Saved data entries
▽

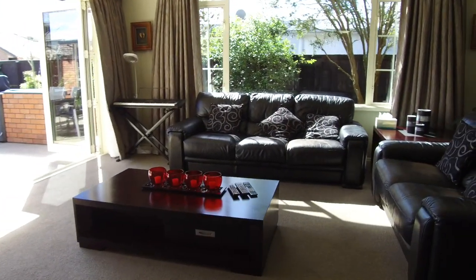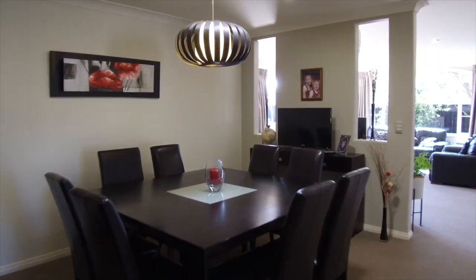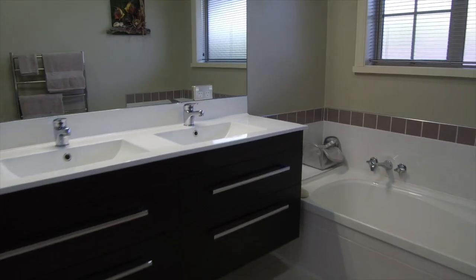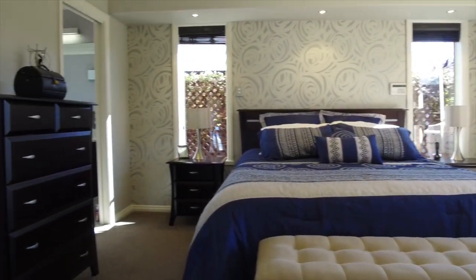Features of this wonderful home include versatile living spaces that connect seamlessly to each other and allow for easy entertaining. Modern styling and neutral colours throughout with double glazing will keep you cosy in the cooler months.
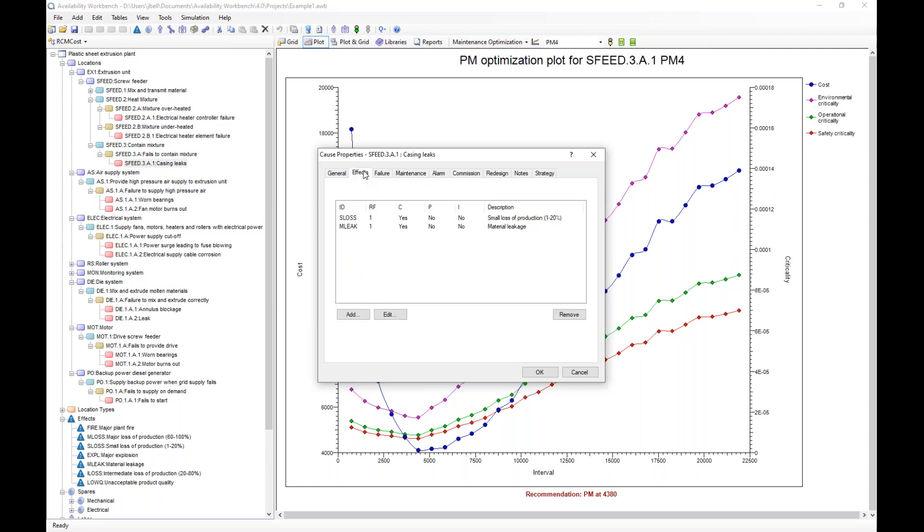In addition to the failure distribution, we need to tell RCM cost how bad it is if a failure occurs. That's what we do on the effects tab — we can specify the effects of the failure mode. This specific failure mode has two effects: a small loss of production and a material leakage. Each effect can have costs associated with it as well as severities. For instance, this material leakage could include criticalities such as safety, operational, or environmental. So we can measure the badness of a failure mode not just in financial terms, but also in terms of safety and other criticality values.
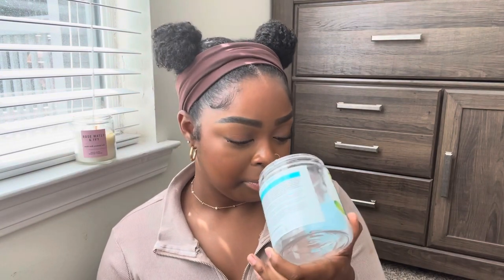Next is the Carol's Daughter Wash Day Delight Jelly to Cream Conditioner — this was around ten dollars. It kind of has a jelly type of texture, and once you add water it turns into a lightweight cream conditioner. I really like the smell of it.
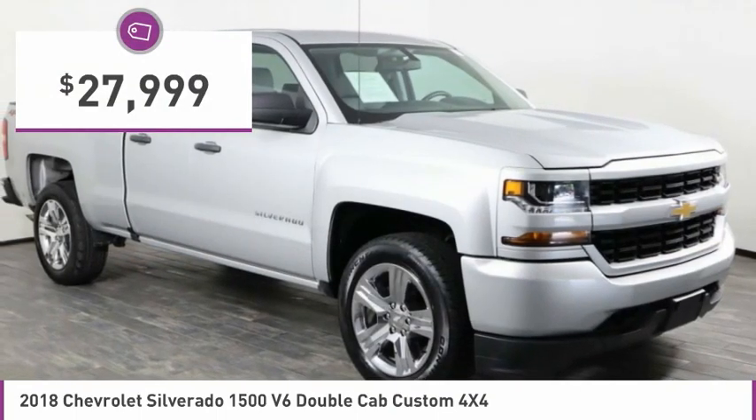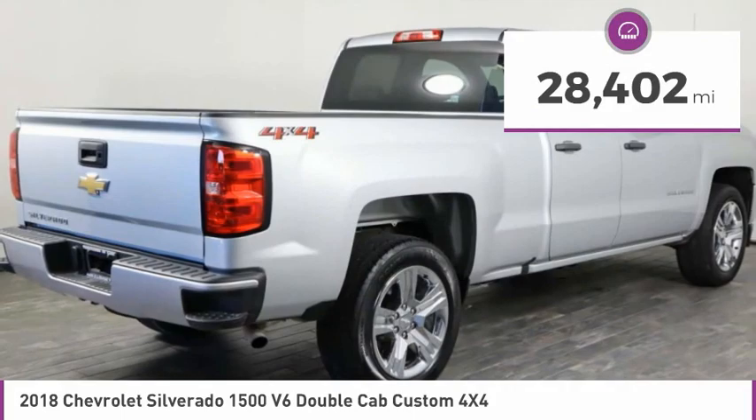It is priced below $30,000 and has less than 30,000 miles.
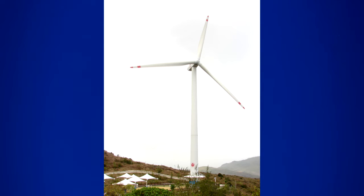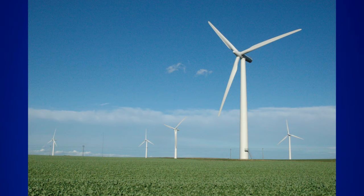Those wind turbines you've seen in the field are big, and for a reason. Hello viewers and welcome to a video called 12 Surprising Facts About Wind Energy.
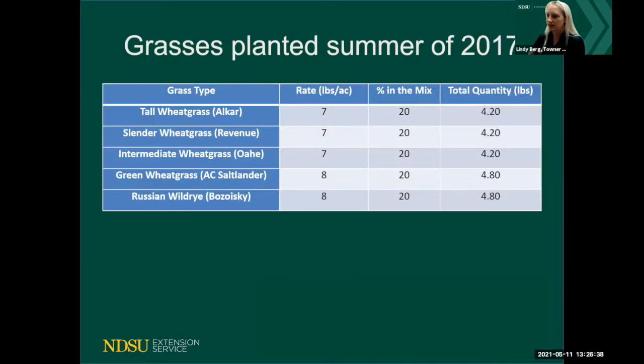These are the grasses we planted in the summer of 2017. We have a comparison chart we'll talk about later covering forages and crops and where these grasses fit in terms of their salt tolerability. These are the grass types we planted across all three acres.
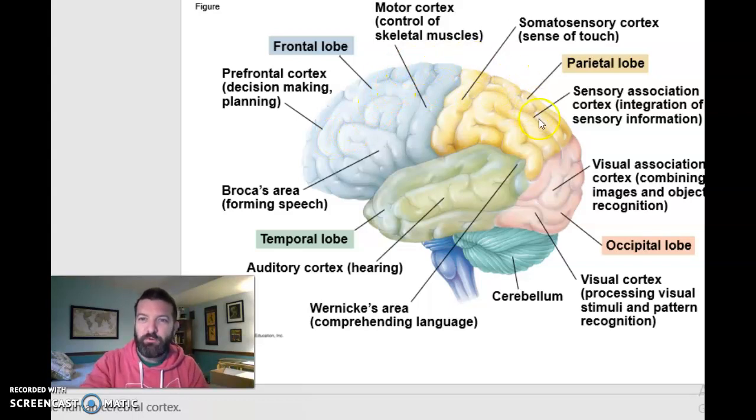The parietal lobe is right behind the frontal lobe — that's where your sensory cortex is, integrating sensory information, especially touch. Auditory information comes in via your temporal lobe. And in your occipital lobe, which is in the back, visual information comes in.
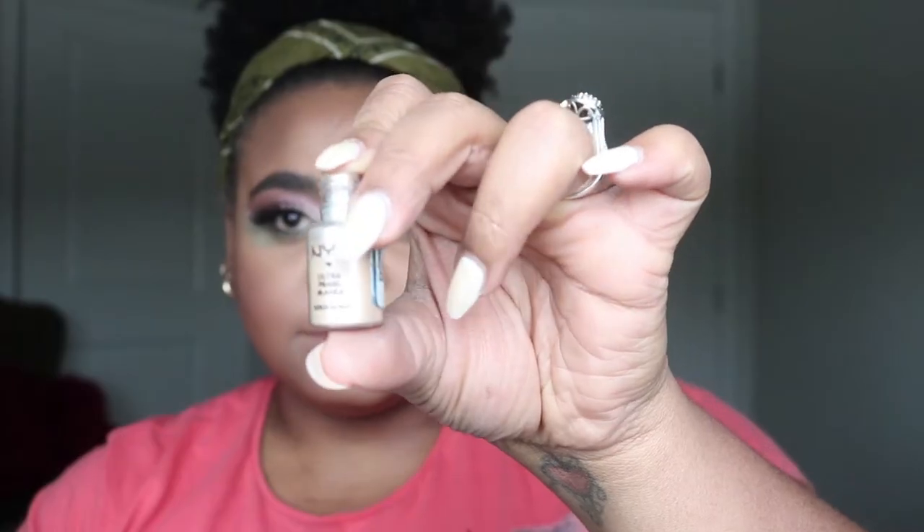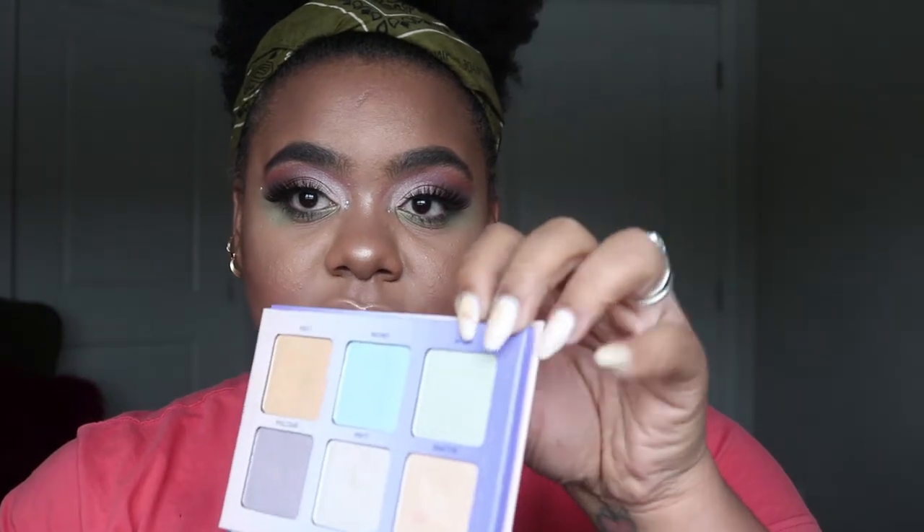Now it's time to highlight — I'm excited about today's highlight! I'm going to be using something I've used in the past — it's actually an eyeshadow. Since this is more of a dramatic look I'm using the NYX Ultra Pearl Eyeshadow to really get that highlight popping. I'm bringing it up into the green, putting some on the tip of my nose. Then I'm going to take my Anastasia Beverly Hills Aurora Glow Kit and tap this green shade all over my lips — this should be pretty epic.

△

[WORK INSTRUCTION]
Nothing but an exact copy of the data above, minus its pictures, should appear in the response.

[TASK OUTPUT]
Features of this wonderful home include versatile living spaces that connect seamlessly to each other and allow for easy entertaining. Modern styling and neutral colours throughout with double glazing will keep you cosy in the cooler months.
In addition to the failure distribution, we need to tell RCM cost how bad it is if a failure occurs. That's what we do on the effects tab — we can specify the effects of the failure mode. This specific failure mode has two effects: a small loss of production and a material leakage. Each effect can have costs associated with it as well as severities. For instance, this material leakage could include criticalities such as safety, operational, or environmental. So we can measure the badness of a failure mode not just in financial terms, but also in terms of safety and other criticality values.
Next is the Carol's Daughter Wash Day Delight Jelly to Cream Conditioner — this was around ten dollars. It kind of has a jelly type of texture, and once you add water it turns into a lightweight cream conditioner. I really like the smell of it.
It is priced below $30,000 and has less than 30,000 miles.
Those wind turbines you've seen in the field are big, and for a reason. Hello viewers and welcome to a video called 12 Surprising Facts About Wind Energy.
These are the grasses we planted in the summer of 2017. We have a comparison chart we'll talk about later covering forages and crops and where these grasses fit in terms of their salt tolerability. These are the grass types we planted across all three acres.
The parietal lobe is right behind the frontal lobe — that's where your sensory cortex is, integrating sensory information, especially touch. Auditory information comes in via your temporal lobe. And in your occipital lobe, which is in the back, visual information comes in.
Now it's time to highlight — I'm excited about today's highlight! I'm going to be using something I've used in the past — it's actually an eyeshadow. Since this is more of a dramatic look I'm using the NYX Ultra Pearl Eyeshadow to really get that highlight popping. I'm bringing it up into the green, putting some on the tip of my nose. Then I'm going to take my Anastasia Beverly Hills Aurora Glow Kit and tap this green shade all over my lips — this should be pretty epic.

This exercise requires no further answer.